— Work instructions —
Down to the last line below, write out every line exactly, starting with the one that contains "Villa Verde 200" and leaving out the pictures.
━━━━━━━━━━━━━━━━
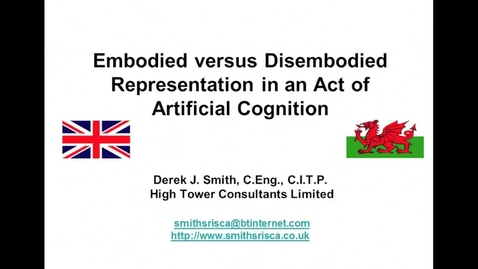 Thumbnail for Embodied versus Disembodied Representation in an Act of Artificial Cognition
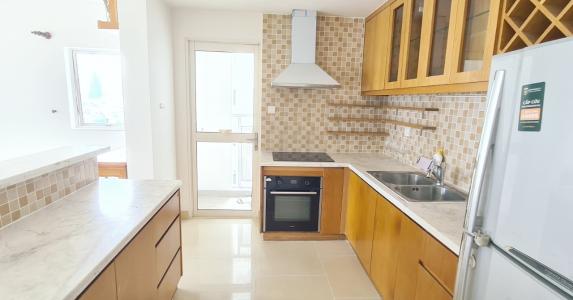 Phòng bếp căn hộ River Garden, Bán căn hộ số 3 tầng cao dự án River Garden, nội thất cơ bản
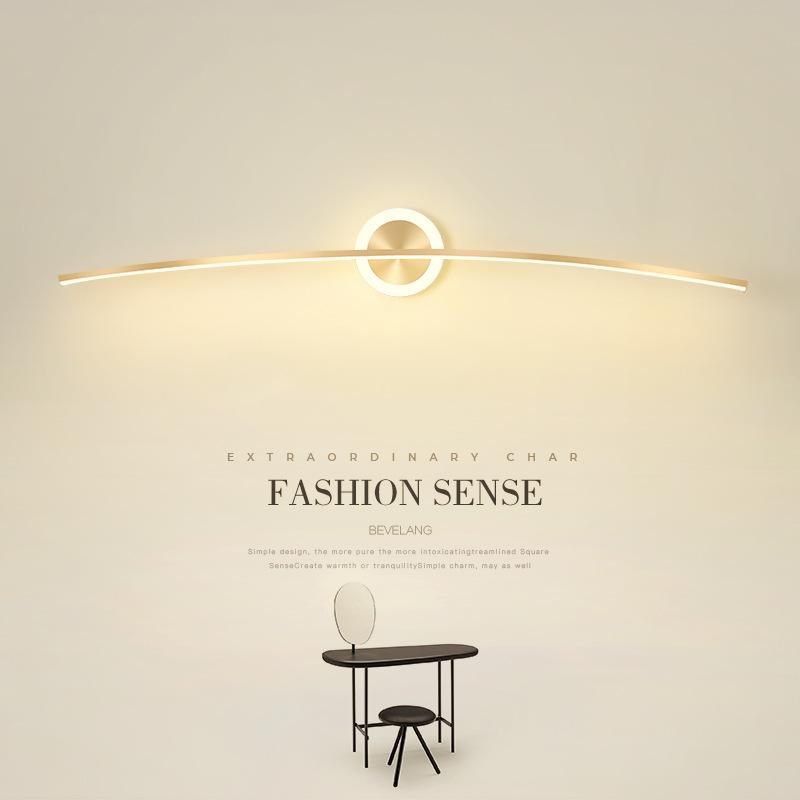 Modern LED Wall Lamp For Bathroom Mirror Bedroom Bedside Background Wall Lights Home Decoration Indoor Sconce Lighting Fixture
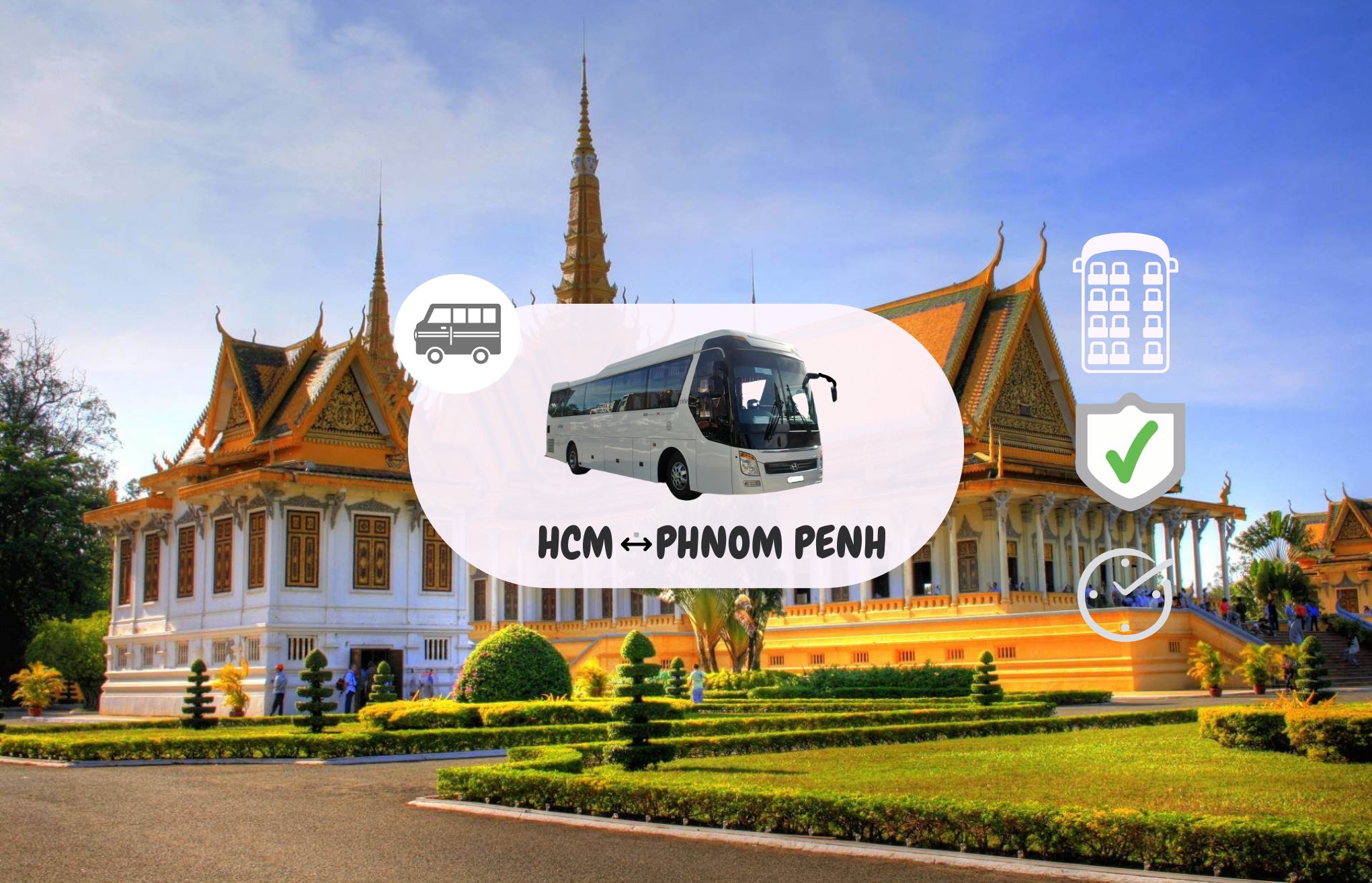 Xe đi Phnom Penh tháng 1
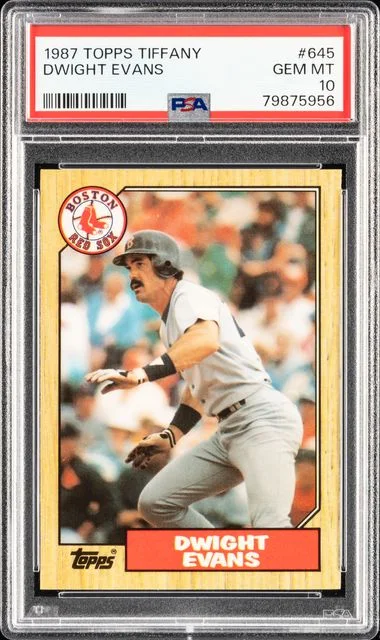 1987 Topps Tiffany Dwight Evans #645 card image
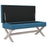 Opbergkruk 110x45x49 cm fluweel blauw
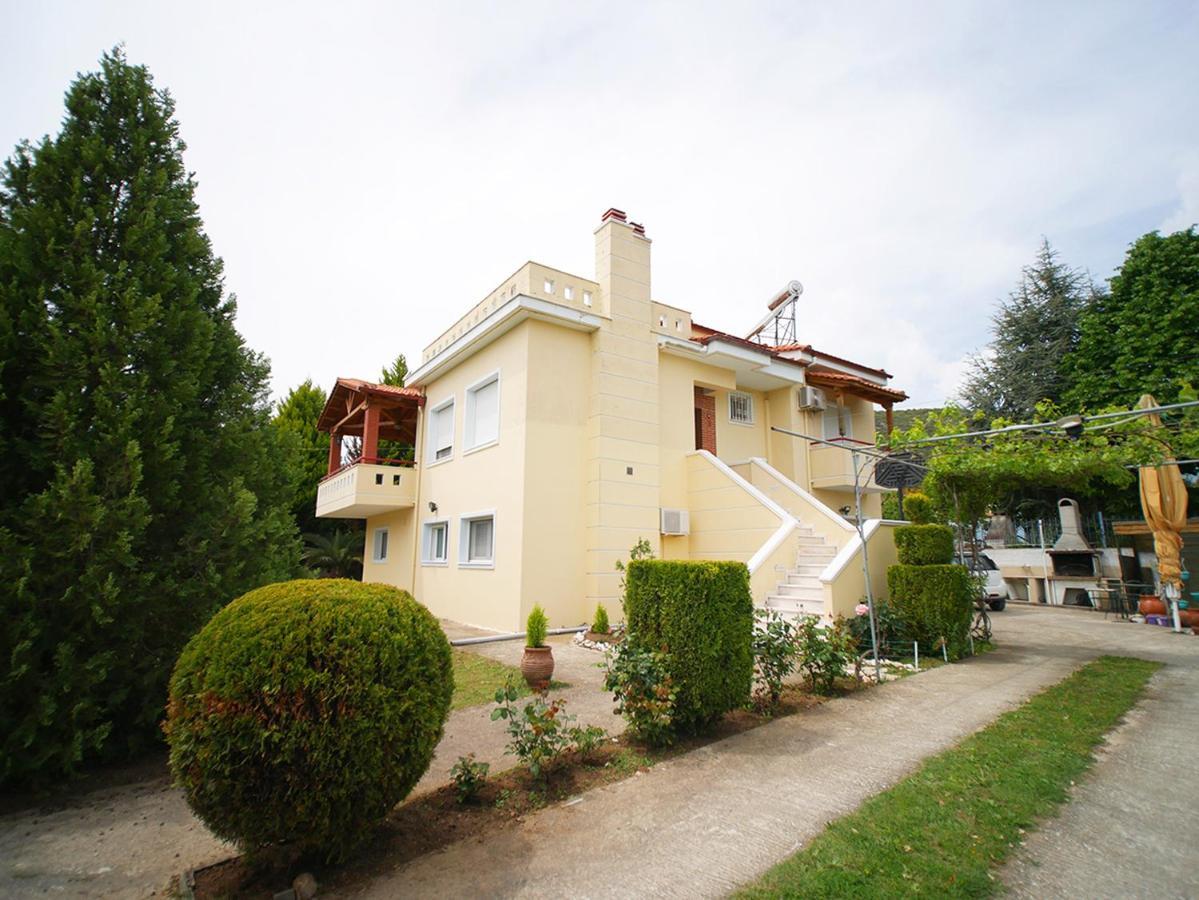 Villa Verde 200 meters from the beach Nea Iraklitsa Buitenkant foto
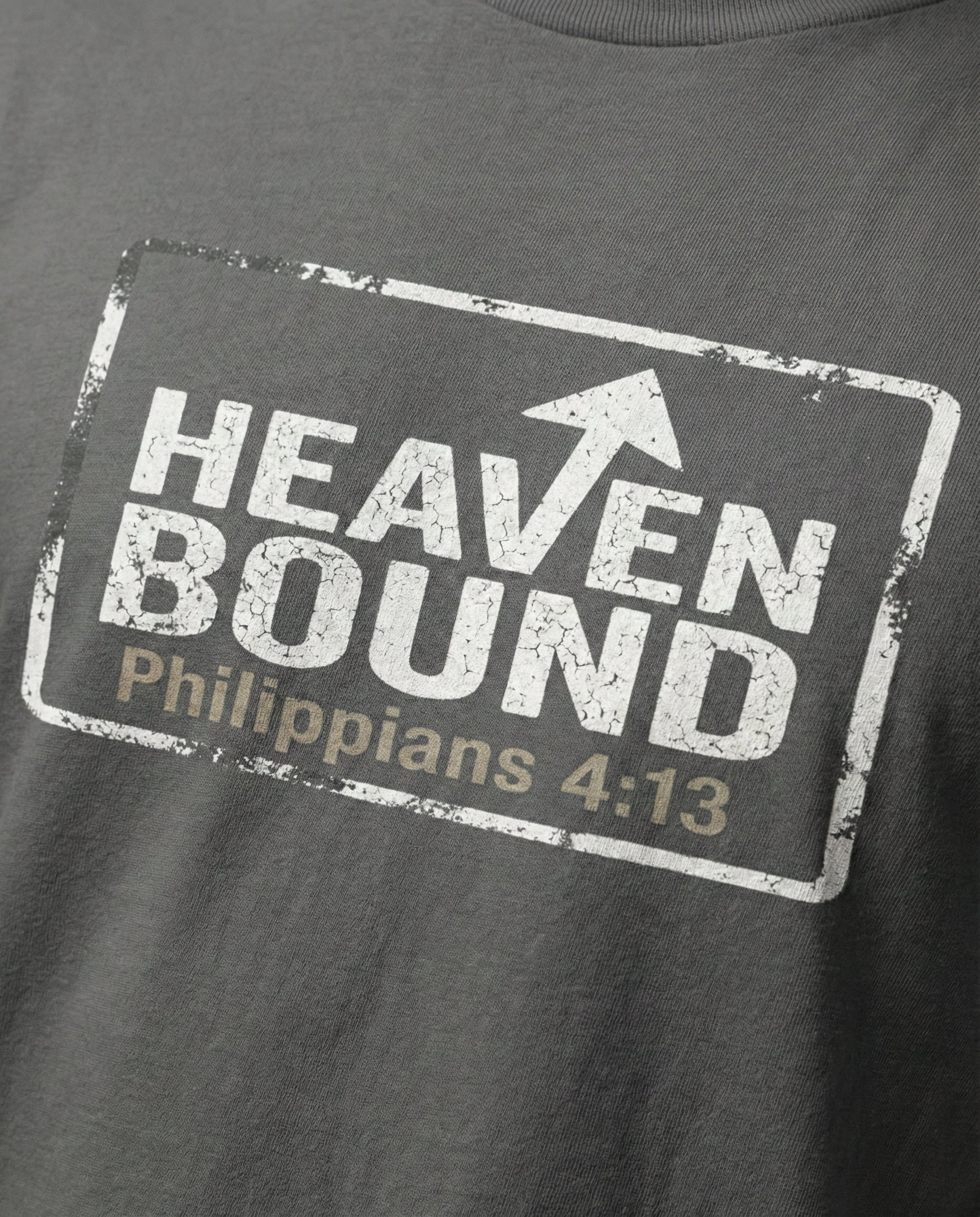 Heaven Bound Shirt, Philippians 4:13 T Shirt, Christian Scripture Tee, Garment Dyed Unisex Faith Shirt, Minimal Christian Gift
━━━━━━━━━━━━━━━━
— The completed task —
 Villa Verde 200 meters from the beach Nea Iraklitsa Buitenkant foto
 Heaven Bound Shirt, Philippians 4:13 T Shirt, Christian Scripture Tee, Garment Dyed Unisex Faith Shirt, Minimal Christian Gift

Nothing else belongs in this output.